単純なエレベータのシミュレータ程度ならハードウェアの各パーツと結びついた素朴なモデルでも充分に役立つものの、会場からの質問でも出たように、大規模な組み込み系の開発になるほど概念の理解や戦略の存在が求められるはずであり、そういった意味では組み込み系のモデリングエンタープライズ系のモデリングから学べる点が多々あるはずだろう。

そんな問題提起を踏まえつつ、後半の講演では、組み込み系モデルの一般化は出来ないか、情報システムのアーキテクチャを参考にできないか、バス中心型の動的モジュール構造の試み等の興味深いトピックスが続いたのだけど、大学のゼミのディスカッションを思わせる議論が多くて、自分としてはやや興味の対象を外れる内容だった。現在のモデリングの利用に課題があるのは事実で、それを改善するための方策を次世代のモデリングとして捉えるならば、今回の話に出てきたのは次々世代の内容とも言えるような気がする。今の開発現場に生かせるヒントを求めていた私のような参加者には、やや敷居が高い内容だったように思う。

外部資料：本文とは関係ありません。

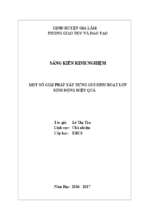 Skkn chủ nhiệm lớp 8 một số giải pháp xây dựng giờ sinh hoạt lớp sinh động hiệu quả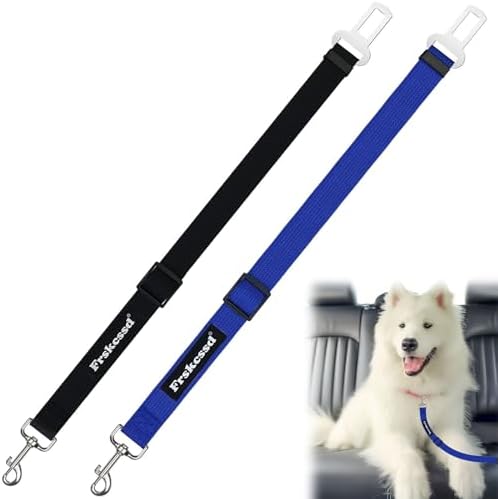 2 PCS Dog Seat Belt for Car Frskcssd Adjustable Dog Car Harness Heavy Duty by Frskcssd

なお、モデルに正解は無い、という主旨のコメントが話の中で度々出てきて、確かにそれはその通りで目的や観点によってモデリングの形が異なるのは当然だし、唯一無二の解を求めているわけではないのだけど、開発現場でそんな「正解は無い」と言う主張は通用しないし、答えの無いものを参照して使いものになるのか?という現場の反発を抑えこむことは難しいと思う。共通理解として当事者全員の合意が得られる程度のモデリングの「正解」は求める必要があると思っている。

今回の分科会では、最近「UMLモデリングの本質第二版」を出版された、児玉公信氏を講師にお招きして、モデリングの「心」と「実践」について縦横に語りつくしたいと思います。